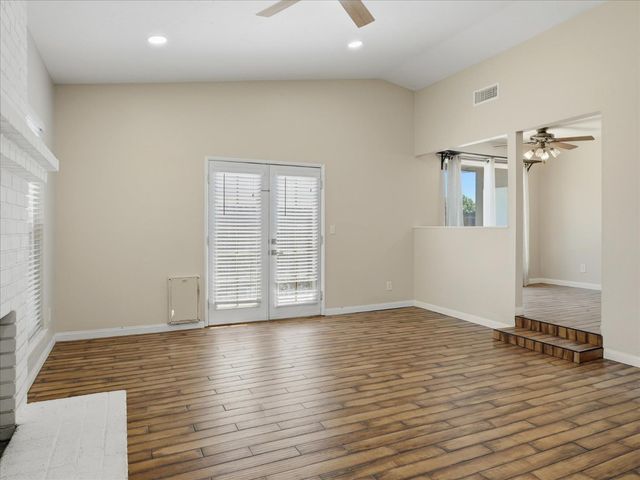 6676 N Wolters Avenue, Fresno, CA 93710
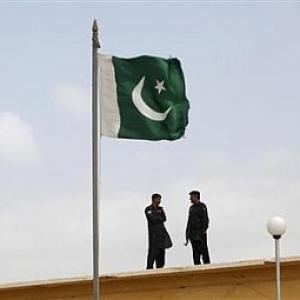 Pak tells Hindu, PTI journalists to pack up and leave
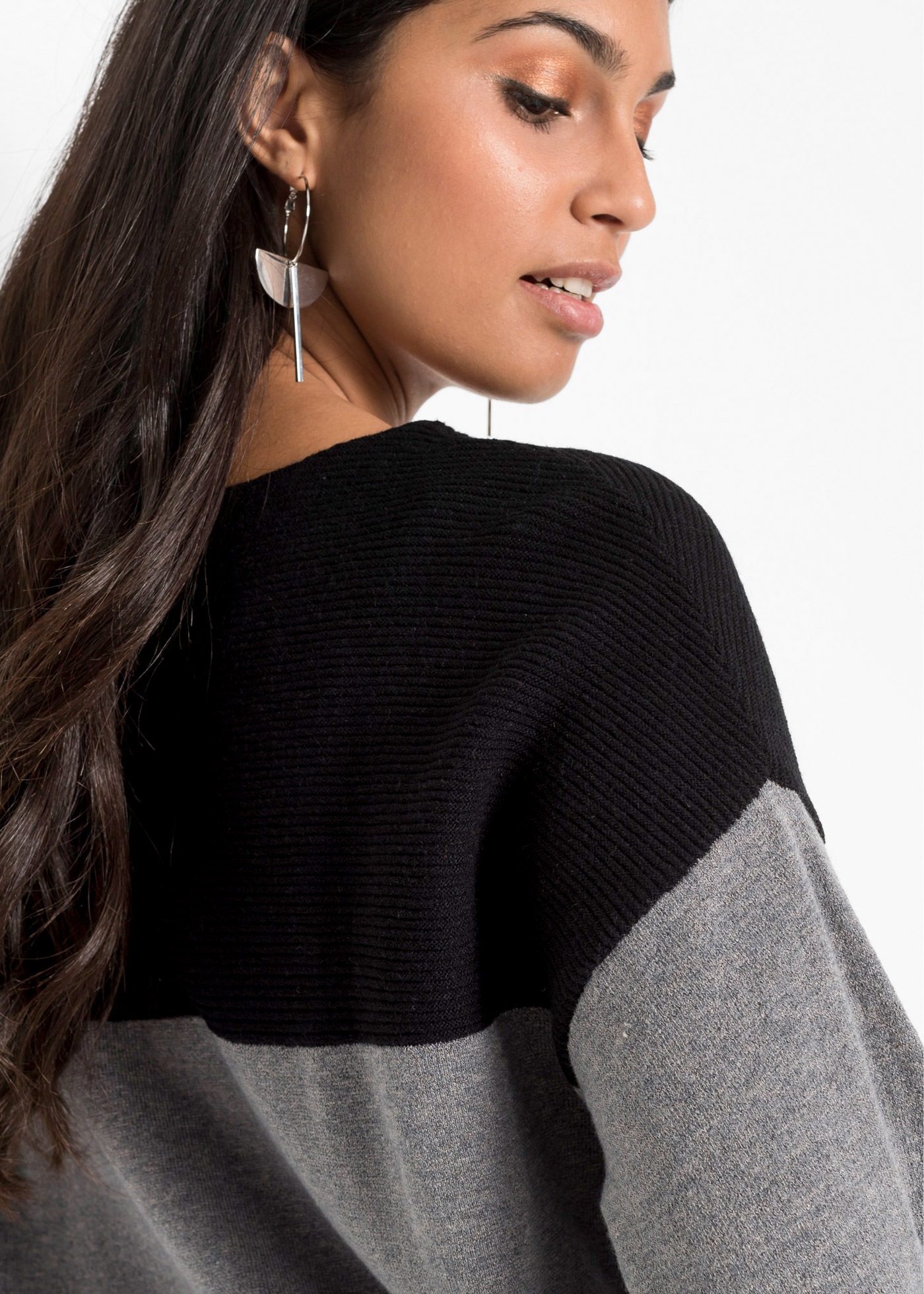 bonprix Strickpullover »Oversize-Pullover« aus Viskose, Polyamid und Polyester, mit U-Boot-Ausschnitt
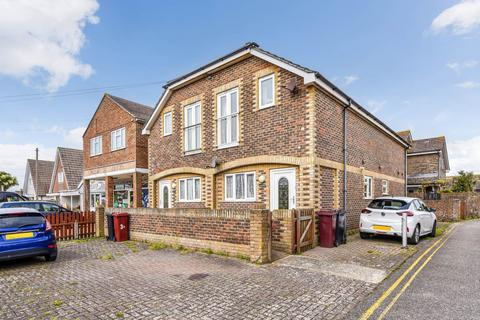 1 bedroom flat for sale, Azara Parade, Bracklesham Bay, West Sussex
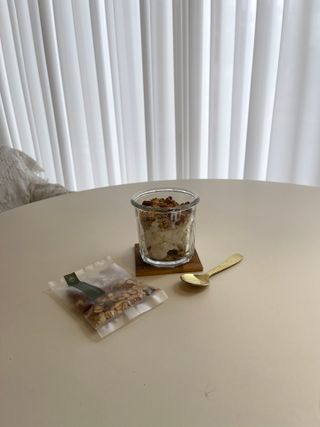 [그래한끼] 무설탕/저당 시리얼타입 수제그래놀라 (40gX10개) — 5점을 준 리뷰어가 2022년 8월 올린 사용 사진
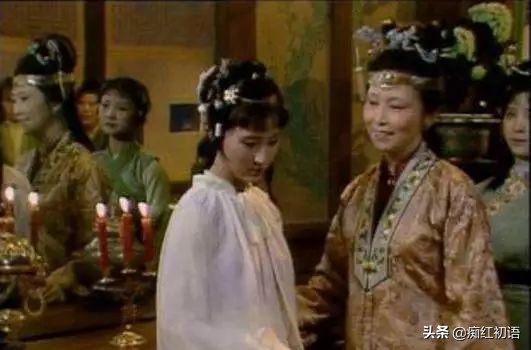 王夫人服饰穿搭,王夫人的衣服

--------------------------------------------------

• _PROBLEM DETAILS_
Transcribe each entry exactly; images stay out.

• _TASK RESPONSE_
 6676 N Wolters Avenue, Fresno, CA 93710
 Pak tells Hindu, PTI journalists to pack up and leave
 bonprix Strickpullover »Oversize-Pullover« aus Viskose, Polyamid und Polyester, mit U-Boot-Ausschnitt
 1 bedroom flat for sale, Azara Parade, Bracklesham Bay, West Sussex
 [그래한끼] 무설탕/저당 시리얼타입 수제그래놀라 (40gX10개) — 5점을 준 리뷰어가 2022년 8월 올린 사용 사진
 王夫人服饰穿搭,王夫人的衣服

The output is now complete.